The slump in arrest volume – last week’s total was around half that recorded a year ago – is seen by supporters of new York City Mayor Bill de Blasio as evidence of a work slowdown by police officers angered by recent comments he made that they viewed as anti-police. Police unions deny there is a slowdown.
“We’re seeing less phone calls, less emails, less faxes from people with tickets that are newly issued,” said New York traffic lawyer Matthew Weiss. “It started at the beginning of the year.” Revenues for his New York City traffic ticket business – including moving violations and criminal matters – are down roughly 30 percent to 40 percent since the end of December.
Traffic lawyers typically represent motorists who are pulled over by police for alleged offenses such as speeding, texting and reckless driving. They may also fight parking tickets.
“I’ve definitely noticed a drop in calls,” said lawyer Isaac Abraham. Abraham said the fall in business could, however, be an impact from the holidays and it was too early to tell if it was from the fewer reported arrests.
Some lawyers said they were seeing business as usual and any noticeable drop could be delayed as there can be a lag between the time a motorist gets a ticket and when they call a lawyer.
“Not everyone necessarily calls a lawyer the minute they get a ticket,” said attorney Scott Feifer, who said he had not seen any tangible impact from the fall in arrests and court summons.
Bail bondsmen say business slow
The number of arrests across the city plunged to 2,401 from 5,448 in the week ending Sunday compared with the same period the previous year, with parking and driving-related tickets down more than 90 percent according to New York Police Department data.

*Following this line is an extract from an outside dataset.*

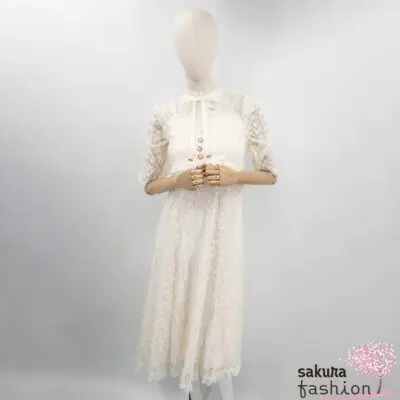 Rojita Maxikleid Lang Elfenbeinweiß Spitzenkleid Glitzereffekt Floral Halbarm Ärmelraffung Federbustier Kragenschleife Japan Kawaii Feminin lace long dress ivory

De Blasio on Monday brushed off questions about whether the drop was a concerted effort by police to slow work following the murder of two policemen in their patrol car on Dec. 20. He and Police Commissioner William Bratton said they needed more time before ruling out the possibility of police insubordination.
Parking fines are a small but significant revenue source for the city. Revenues from parking violation fines for 2014 amounted to $542 million, according to data from New York’s Office of Management and Budget.
That equates to around $10 million a week, still a fraction of the city’s $75 billion budget.
If parking ticket revenues take a long-term knock, it could pressure a budget that has had a persistent, though shrinking, long-term deficit. New York City’s Comptroller’s office said they did not have granular enough data to be able to assess the financial impact of the drop in arrests and summonses.
Bratton said the city may actually be saving money if summonses are not being written because the city is not paying overtime to officers to go to court to testify.
Alongside traffic attorneys, some bail bond firms said they were also seeing a drop in business.
“Definitely, it’s been very slow – a lot of attorneys are having issues as well,” said Miguel Rodrigues, co-owner of David Jakab Bail Bonds situated in Manhattan’s Chinatown near New York’s criminal court. “I would be concerned if it goes for a month.”
Empire Bail Bonds, which has offices around New York including in Queens and Brooklyn, said business volume was down about 50 percent since Christmas.
“Empire is very large and can withstand the bump … but your average Mom and Pop shop can’t,” said Empire Bail Bonds president Michelle Esquenazi.